BRP's Q1 results show the company is navigating challenges in the off-road vehicle market, with higher shipments and favorable product mix contributing to its growth. However, ongoing tariff pressures remain a concern for the manufacturer. The company's ability to manage these risks will be crucial to its long-term success.
The parent company of Can-Am, Sea-Doo, Ski-Doo, and Lynx generated revenue of CA$2.39 billion during the quarter ended April 30, a 29.5% increase from the same period a year ago. This growth was driven by higher volumes, disciplined cost management, strong overall execution, and a more favorable promotional environment.
Denis Le Vot, president and CEO of BRP, attributed the company's success to its ability to deliver results above expectations. However, he also acknowledged that the company must continue to navigate ongoing tariff pressures and mitigate their impact on its business.

For dealers, one encouraging indicator was BRP's continued focus on inventory discipline. Dealer inventory was down 3% year-over-year, reflecting improved alignment between wholesale shipments and retail demand.
However, North American retail sales declined 7% overall during the quarter, with the comparison heavily affected by a strong snowmobile season the previous year. Excluding snowmobiles, BRP reported North American retail sales increased approximately 2%.
The company's year-round products business continued to outperform the overall market, with North American year-round product retail sales increasing at a mid-single-digit rate while the industry grew only in the low-single digits.

BRP also reported market share gains in the ORV segment, including a three-point gain in premium side-by-side models.

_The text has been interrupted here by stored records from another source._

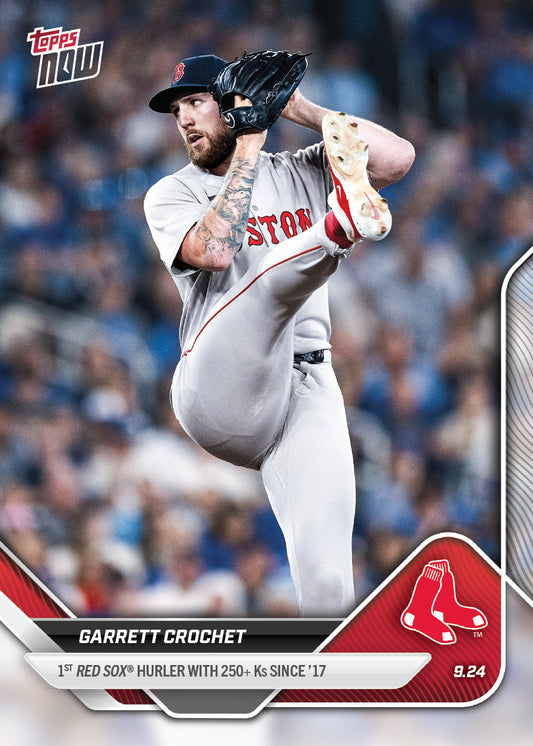 Garrett Crochet - 2025 MLB Topps NOW® - Card 761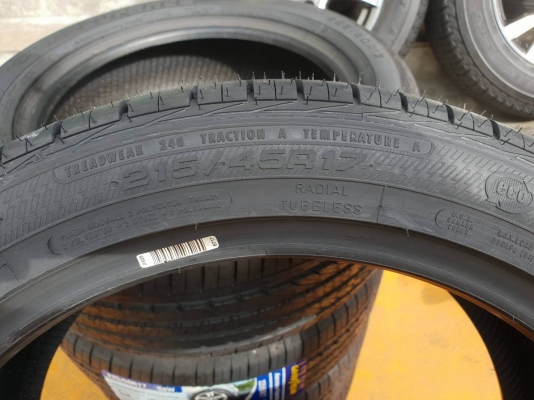 ขายยางใหม่ GOODYEAR Excellence 215-45-17 ปี18 ชุดละ 8,500 บาท ขายยางใหม่ GOODYEAR Excellence 215-45-17 ปี18 ชุดละ 8,500 บาท
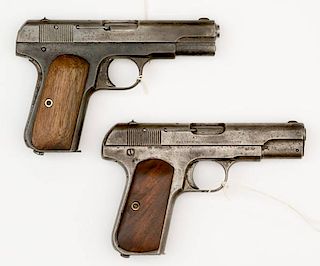 **Lot Of Two Colt Model 1903 Semi-Auto Pistols 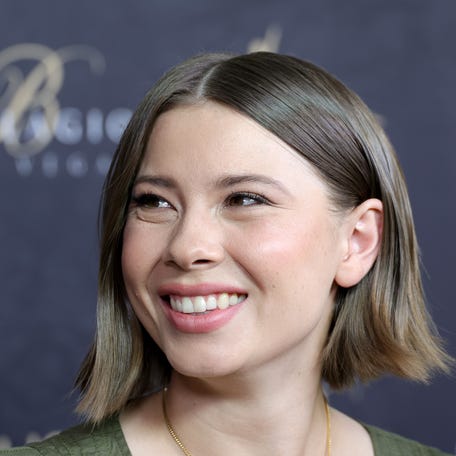 Bindi Irwin attends the Steve Irwin gala to support the Wildlife Warriors conservationist organization at Bellagio Resort & Casino on May 11, 2024, in Las Vegas.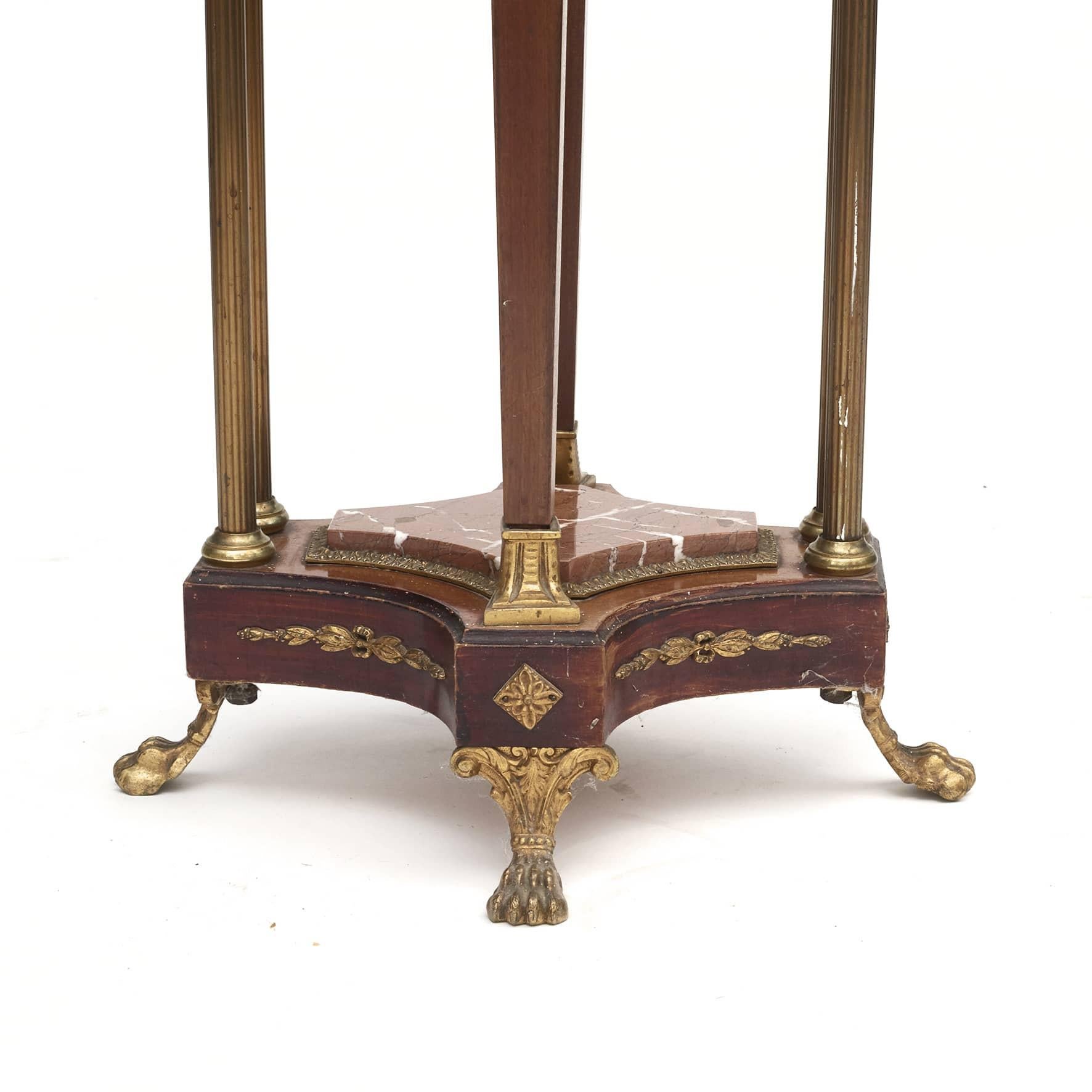 Piédestal français ancien de style Louis XVI, vers 1900 en vente 5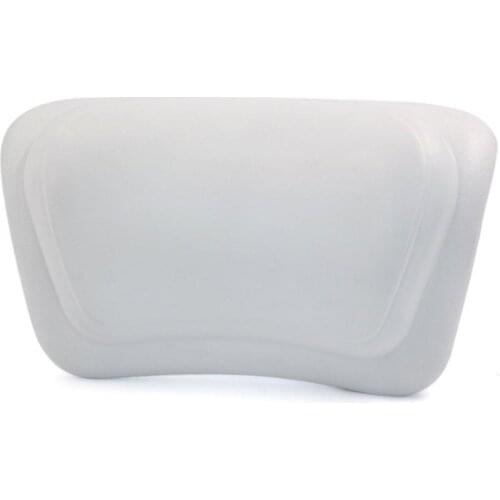 White rectangle Pu Material bathtub pillow waterproof SPA Back Neck Holder Bath Pillows Bathtub accessories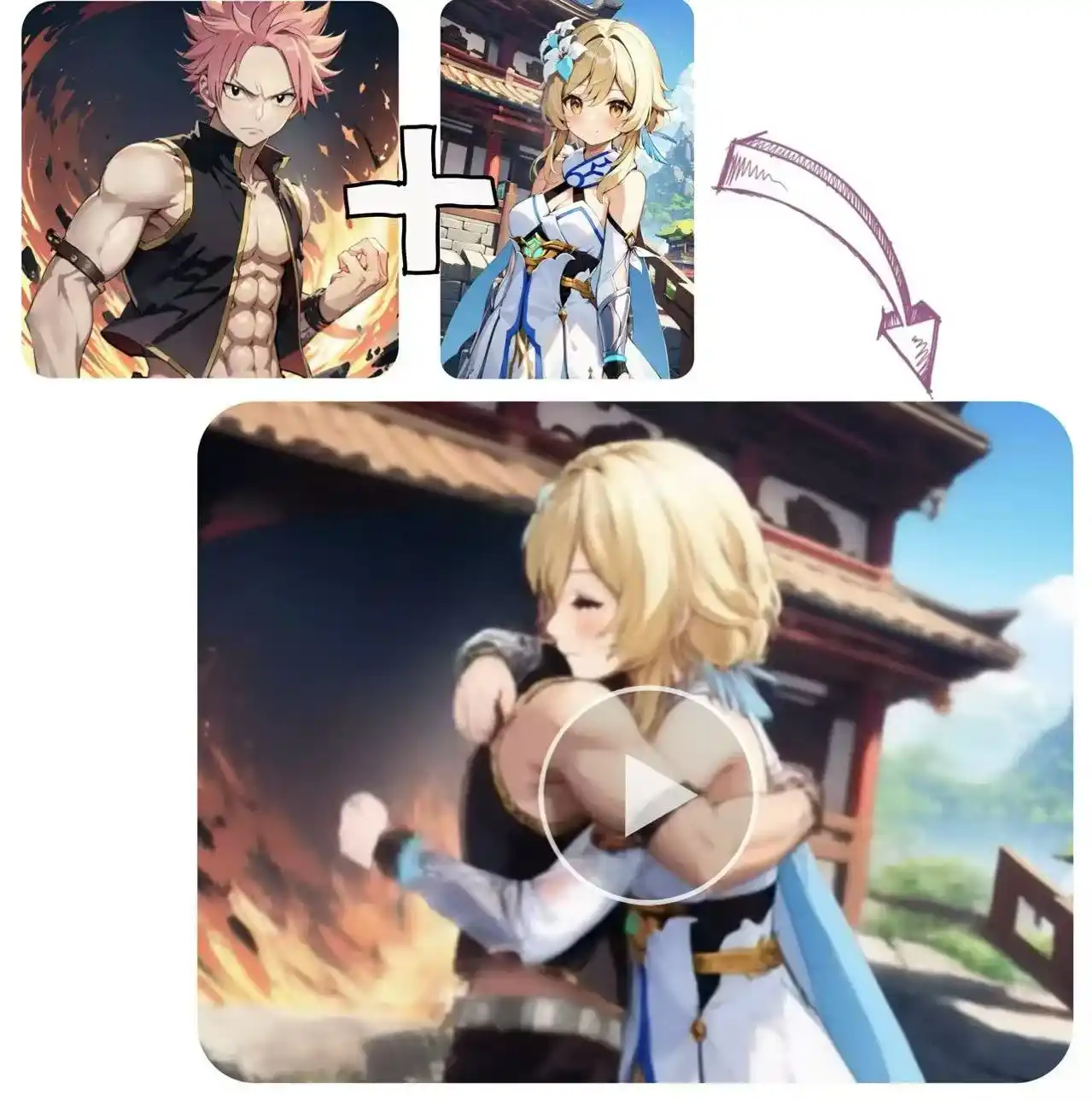 Videl is hugging Rem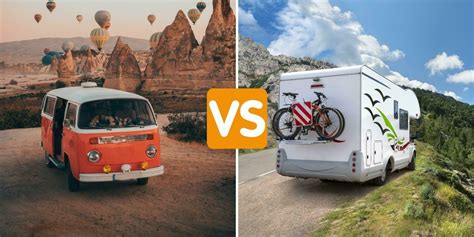 Van ou camping car quel véhicule choisir pour son road trip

This suggests that the company is well-positioned to capitalize on growing demand for off-road vehicles.
Despite broader economic concerns and uncertainty surrounding tariffs, BRP executives said consumer demand remains resilient in many key categories. The personal watercraft segment faced continued pressure from elevated levels of discounted carryover inventory across the industry.
International markets contributed significantly to the quarter's performance, with retail sales growth of 10% in Europe, the Middle East, and Africa, while Latin American sales increased 7%, led by record performances in Brazil and Mexico.

The company's focus on inventory discipline and disciplined cost management is a positive sign for its future performance.